KYIV: Ukrainian President Volodymyr Zelensky said Sunday his country’s victory “depends” on support from the West and expressed hope the United States would approve a critical package of military aid.

In a rare acknowledgement of setbacks, Zelensky said 31,000 Ukrainian soldiers had been killed in the war and that plans for last summer’s failed counteroffensive had been leaked to Russia.

He appealed to the West to boost Ukraine’s war chances, at a forum marking the second anniversary of Russia’s invasion.

“Whether Ukraine will lose, whether it will be very difficult for us, and whether there will be a large number of casualties depends on you, on our partners, on the Western world,” Zelensky said.

Ukraine has in recent weeks been weakened by an ammunition shortage, with a vital $60-billion US aid package blocked by political wrangling in the US Congress.
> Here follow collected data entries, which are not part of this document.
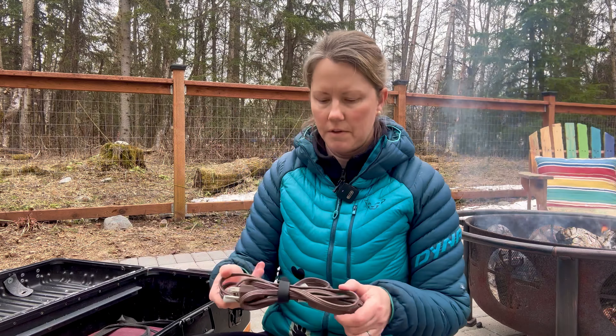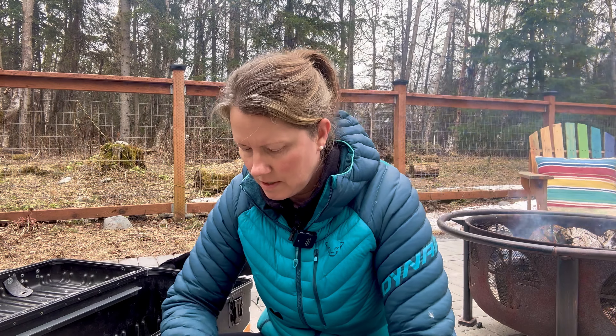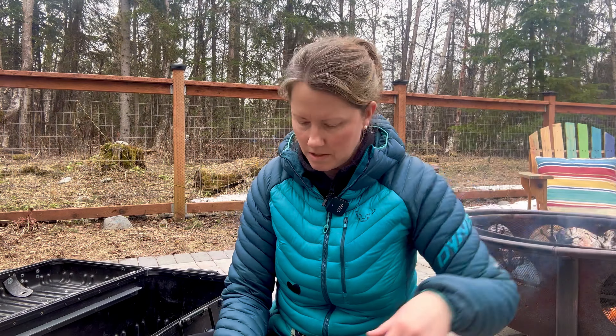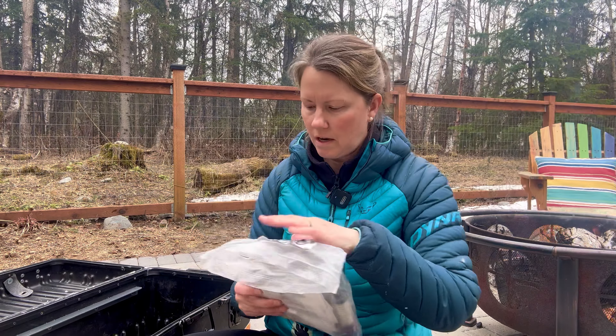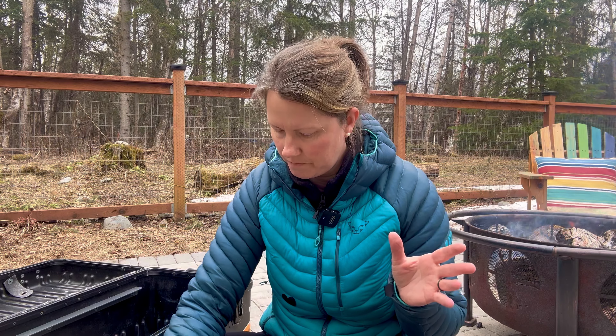I carry an extension cord because it can be difficult to find outlets in these older clinics — there aren't many, and even if one is available it might be across the room. I also carry this tool bag that holds spare parts — mostly dental parts — fairly generic stuff that the majority of villages have in common and things that tend to break.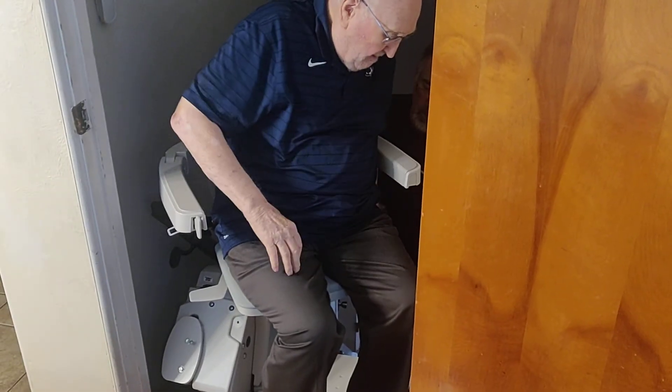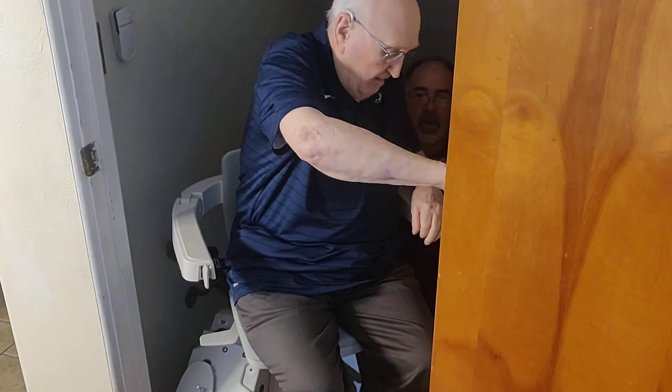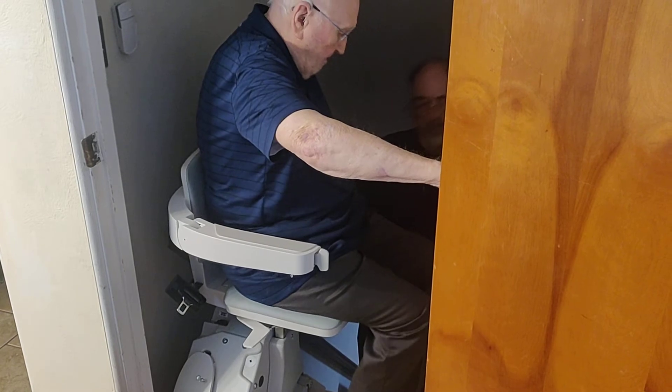Okay, now stop. You can hold this — don't have to hold this. Just push on here. You've got to turn. There you go. Perfect. Keep on going. That's it.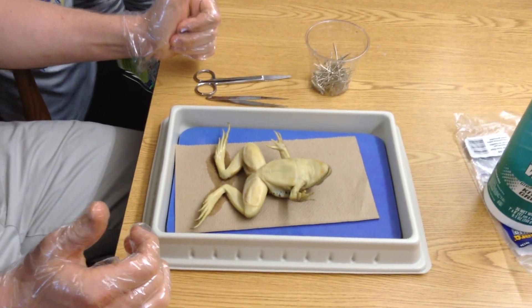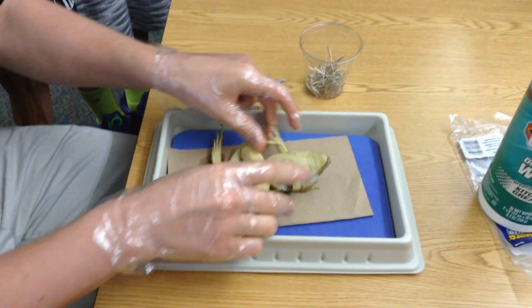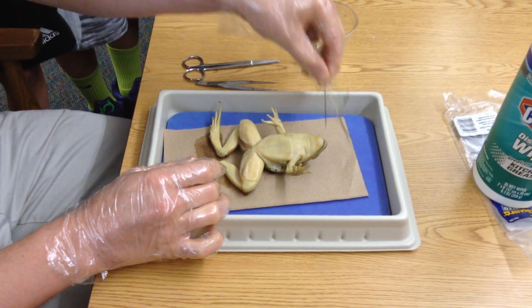I think I got everything I need. Should be good to go. Frogs are different sizes — I try to pick an average-sized one. So you're always going to start with the stomach facing upward. We need to begin by pinning it down.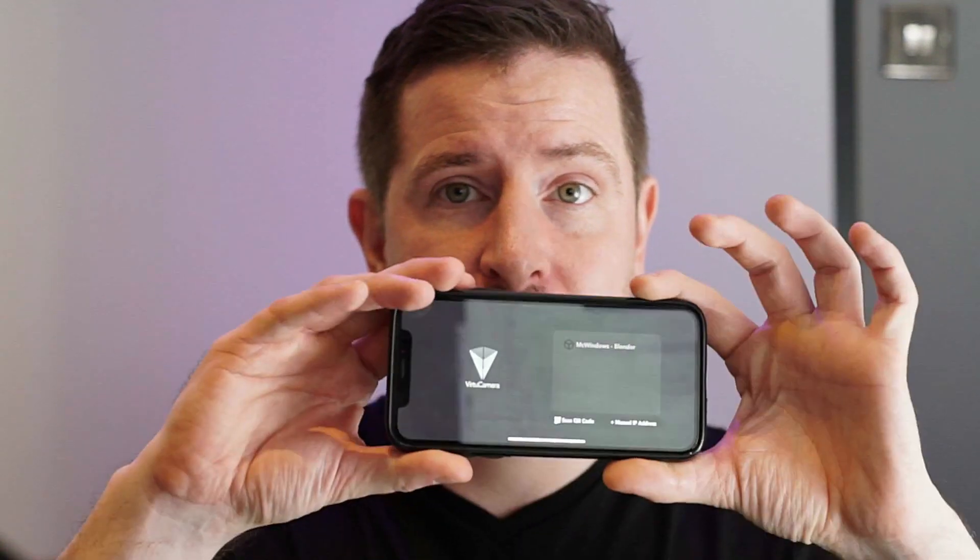Hi, and welcome to Blender Clinic. Today we're going to be talking about something a little bit different. We're going to be talking about an iPhone app — well, an Android app also — and an add-on that they link to in Blender. The app in question is Virtua Camera. To my knowledge, this has just come out. I literally saw it today and went, I have to have this. It was $4.99 on the App Store, and I've got to admit, I'm really impressed.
The Ukrainian president said that “there is hope for Congress, and I am sure that it is going to be positive.”

Ukraine has for months said that Western aid is too slow coming and that the hold-ups have real consequences as the war against Russia enters its third year.

Zelensky for the first time suggested that Russia had prior information on the country’s much-anticipated but unsuccessful counteroffensive last summer.

“Action plans were on the Kremlin’s table before the counteroffensive actions began,” said the president, who this month sacked the army’s commander-in-chief Valery Zaluzhny.

Zelensky said that Ukraine’s war losses were nevertheless much lower than Russia has claimed.

He said: “31,000 Ukrainian soldiers have died in this war. Not 300,000 or 150,000, or whatever Putin and his lying circle are saying.”

In December, Russian Defense Minister Sergei Shoigu said 383,000 Ukrainian soldiers had been killed or injured.

The second anniversary of the war was marked around the world with moving tributes.

During a Sunday service in the Vatican, Pope Francis called for intensified efforts to find a “just and lasting peace” to the conflict.

“There have been so many victims, so many wounded, so much destruction, so much anguish and so many tears over what has become a terribly long period — the end of which we cannot yet foresee,” he said.

But the focus in Kyiv was on shoring up Western support.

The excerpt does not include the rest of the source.